Les sœurs Nardal et les prémices du concept de négritude

Paulette (debout) et Jane Nardal (à dr.), avec leur sœur Lucy, à Clamart, le 19 octobre 1935. Premières étudiantes noires de la Sorbonne, elles lanceront La Revue du monde noir : « Nous avons pleinement conscience de ce que nous devons à la culture blanche. […] Sans elle, nous n’eussions pas pris conscience de ce que nous sommes. »  - Credit:Coll. Collectivité territoriale de Martinique–Archive-61J Papiers Nardal/SP

Elles sont entrées dans l'histoire littéraire par une trop petite porte, celle de leur appartement de la rue Hébert, à Clamart, en banlieue parisienne, où les Martiniquaises Paulette (1896-1985) et Jane Nardal (1902-1993) reçurent dans leur salon, à partir de 1928 et chaque dimanche après-midi, tout ce que le monde noir comptait d'intellectuels, d'écrivains, d'artistes dans le Paris des années 1920.

Elles reviennent aujourd'hui par la grande porte, à la hauteur de leur contribution dans la circulation des idées entre l'Amérique de la Harlem Renaissance, leurs Antilles natales et l'Afrique, grâce à l'essai biographique que Léa Mormin-Chauvac leur consacre.

Les sœurs Nardal sont les filles de Paul Nardal, premier « Noir de France à obtenir une bourse pour étudier aux Arts et Métiers », et premier ingénieur en travaux publics de Martinique.
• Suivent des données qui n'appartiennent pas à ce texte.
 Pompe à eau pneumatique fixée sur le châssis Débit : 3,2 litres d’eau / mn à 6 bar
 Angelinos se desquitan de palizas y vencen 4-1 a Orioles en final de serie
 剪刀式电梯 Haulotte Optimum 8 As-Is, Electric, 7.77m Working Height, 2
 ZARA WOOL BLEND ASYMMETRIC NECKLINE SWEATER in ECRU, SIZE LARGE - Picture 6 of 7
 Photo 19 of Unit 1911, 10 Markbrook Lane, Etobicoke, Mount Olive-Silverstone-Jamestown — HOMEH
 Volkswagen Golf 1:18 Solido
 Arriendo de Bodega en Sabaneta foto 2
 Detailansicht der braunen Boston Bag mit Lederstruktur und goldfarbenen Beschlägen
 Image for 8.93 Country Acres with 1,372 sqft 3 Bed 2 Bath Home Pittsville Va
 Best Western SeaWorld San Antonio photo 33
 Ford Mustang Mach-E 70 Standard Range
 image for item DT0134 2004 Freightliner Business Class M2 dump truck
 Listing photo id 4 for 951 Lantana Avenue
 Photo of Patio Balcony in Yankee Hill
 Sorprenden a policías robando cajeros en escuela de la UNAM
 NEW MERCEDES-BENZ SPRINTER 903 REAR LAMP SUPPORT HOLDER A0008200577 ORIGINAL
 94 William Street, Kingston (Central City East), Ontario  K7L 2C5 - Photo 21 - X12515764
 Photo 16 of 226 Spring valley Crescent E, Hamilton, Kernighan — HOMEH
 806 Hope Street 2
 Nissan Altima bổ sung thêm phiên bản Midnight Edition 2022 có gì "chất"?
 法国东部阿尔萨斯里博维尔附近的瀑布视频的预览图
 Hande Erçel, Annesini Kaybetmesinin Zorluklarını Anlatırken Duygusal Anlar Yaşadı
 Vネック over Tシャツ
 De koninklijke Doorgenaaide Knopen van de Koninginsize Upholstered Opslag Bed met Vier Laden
Leur mère, Louise, est professeure de musique.

Dans la maison de la rue Schoelcher, à Fort-de-France, les sept sœurs Nardal grandissent dans un environnement qui favorise leur épanouissement intellectuel : « Un centre culturel avant la lettre », confie Paulette, l'aînée, dans ses entretiens avec Philippe Grollemund, seule trace des Mémoires qu'elle regrettera de n'avoir pas écrits.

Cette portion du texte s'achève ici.